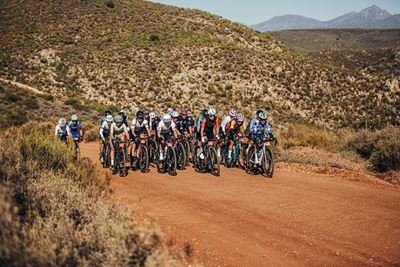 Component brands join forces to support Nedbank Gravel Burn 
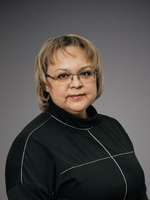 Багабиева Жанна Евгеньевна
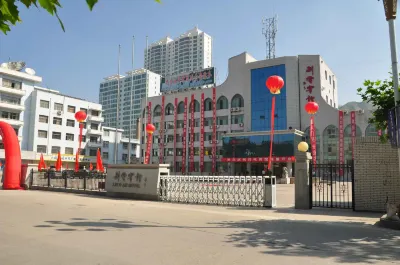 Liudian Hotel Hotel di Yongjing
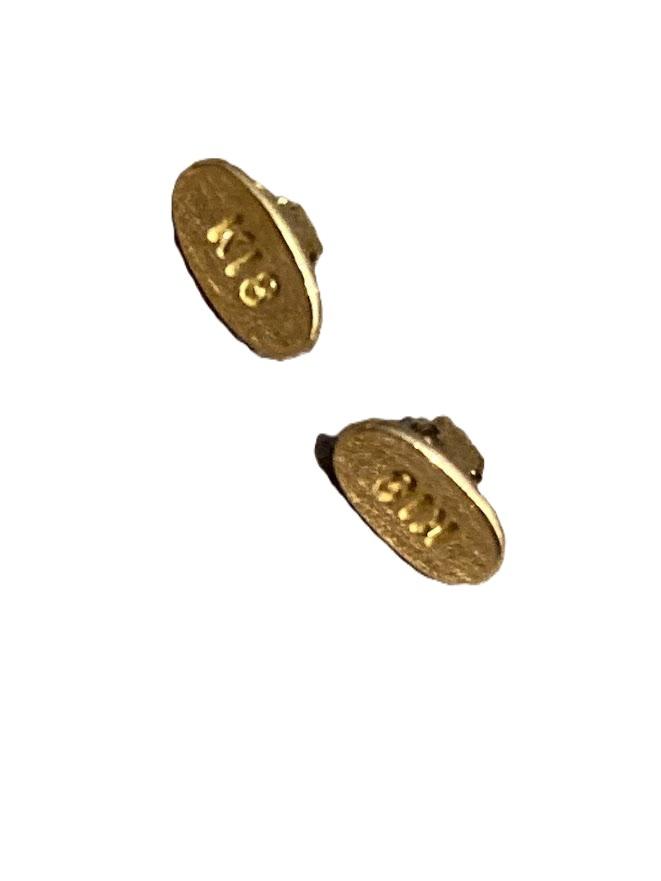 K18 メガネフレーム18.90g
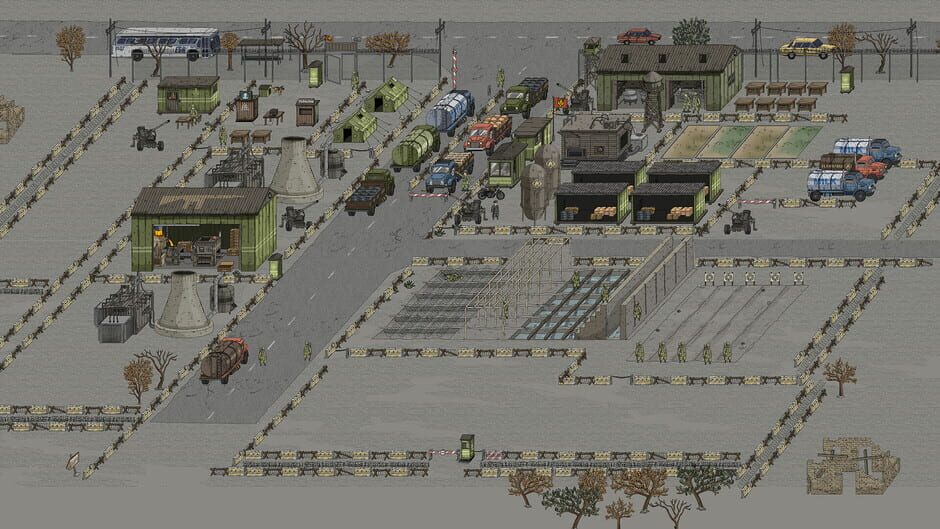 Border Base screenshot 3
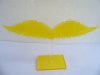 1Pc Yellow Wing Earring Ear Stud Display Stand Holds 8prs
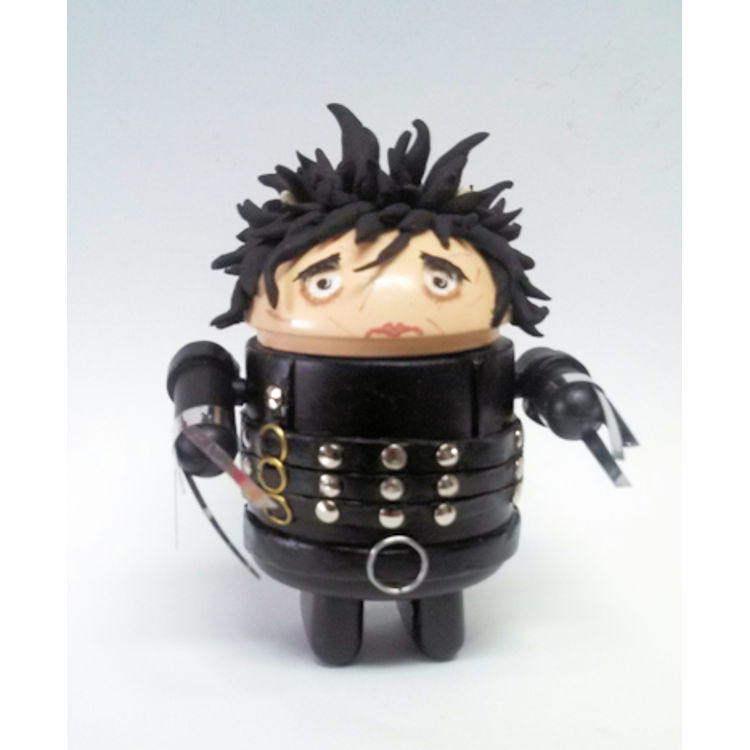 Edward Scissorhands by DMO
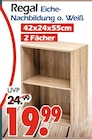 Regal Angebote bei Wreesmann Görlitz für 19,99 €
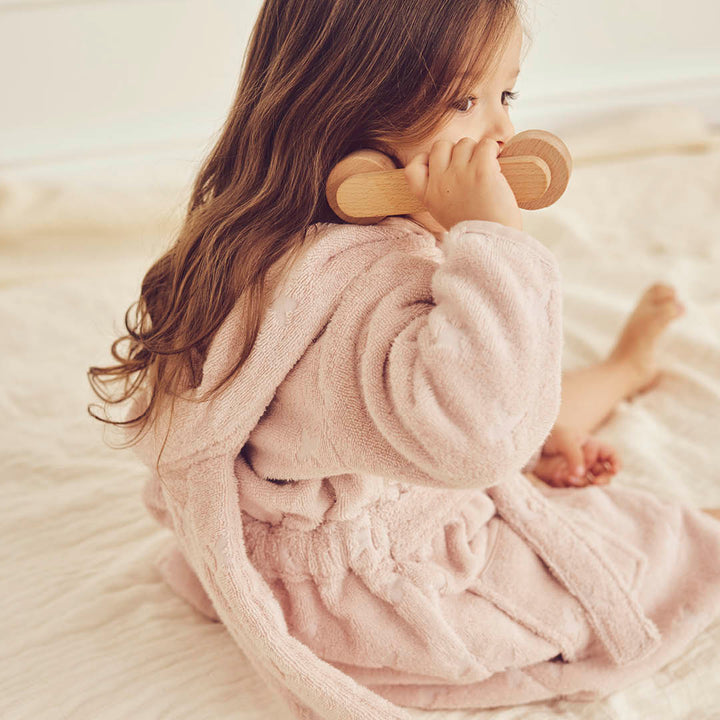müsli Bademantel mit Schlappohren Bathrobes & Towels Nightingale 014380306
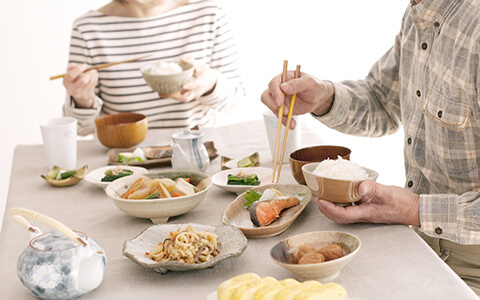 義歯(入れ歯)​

_ _ _

## Task:
Transcribe the whole of the data exactly, minus any pictures.

## Written reply:
 Component brands join forces to support Nedbank Gravel Burn 
 Багабиева Жанна Евгеньевна
 Liudian Hotel Hotel di Yongjing
 K18 メガネフレーム18.90g
 Border Base screenshot 3
 1Pc Yellow Wing Earring Ear Stud Display Stand Holds 8prs
 Edward Scissorhands by DMO
 Regal Angebote bei Wreesmann Görlitz für 19,99 €
müsli Bademantel mit Schlappohren Bathrobes & Towels Nightingale 014380306
 義歯(入れ歯)​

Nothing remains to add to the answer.